La liberté d’expression en entreprise a toujours été un sujet sensible et controversé, donnant une large matière aux juges prud’homaux en contentieux.

La limite entre droit d’expression et abus a maintes fois pu être précisée par la jurisprudence, sans pour autant paraître claire et suffisante.

L’article L2281-1 du code du travail pose expressément le principe que « les salariés bénéficient d’un droit à l’expression directe et collective sur le contenu, les conditions d’exercice et l’organisation de leur travail ».

Cette affirmation a pourtant nécessité nombres de précisions par les juges afin de délimiter ce qu’un principe si général pouvait réellement tolérer au sein d’une entreprise.

A titre d’exemple, il a été jugé que la diffusion d’un mail à l’ensemble des agents dénigrant un supérieur hiérarchique et tenant des propos vexatoires était considéré comme un abus par le salarié de sa liberté d’expression (Cass. Soc. 28 mars 2012, n°11-10.513) ; en revanche, un envoi isolé à une seule personne d’un courrier exprimant un désaccord, sans être injurieux ni diffamatoires, et sans être diffusé publiquement, restait toléré (Cass. Soc. 17 décembre 2014, n°13-19.659).

La frontière reste ainsi maigre entre exercice de sa liberté d’expression et abus de ce droit, ce qui tend à expliquer le nombre de contentieux en la matière.

Dans un arrêt en date du 18 octobre 2017, n°16-18.163, la chambre sociale de la Cour de cassation est une nouvelle fois revenue sur la délimitation du droit d’expression des salariés.
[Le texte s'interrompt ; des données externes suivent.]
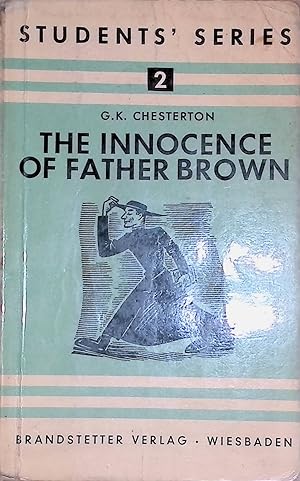 Seller image for The Innocence of father Brown for sale by books4less (Versandantiquariat Petra Gros GmbH & Co. KG)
En l’espèce, un directeur commercial avait été licencié pour faute grave après lui avoir été reproché d’abuser de sa liberté d’expression au sein de l’entreprise.

Ne contestant pas les faits, il refuse cependant de reconnaître d’avoir abusé de son droit.

Il aurait, selon les faits, tenu auprès de trois salariés pris individuellement des propos par lesquels il se contentait de donner son opinion et émettait des critiques quant aux décisions prises par le dirigeant, et ce sans aucune diffusion publique de ces propos.

La Cour de cassation n’a cependant pas retenu le raisonnement du salarié et a confirmé l’arrêt de la cour d’appel en justifiant le caractère réel et sérieux du licenciement.

En effet, les juges reprochent au salarié notamment d’avoir tenus des « propos diffamatoires et injurieux en imputant à l’employeur un vol concernant les jours de RTT, des propos excessifs concernant la répartition des portefeuilles clients », « qu’il n’avait pas hésité à inciter l’un deux à quitte la société pour créer sa propre entreprise ».

De ces constatations faites, le licenciement du salarié prononcé en raison d’un abus de sa liberté d’expression se trouvait alors justifié.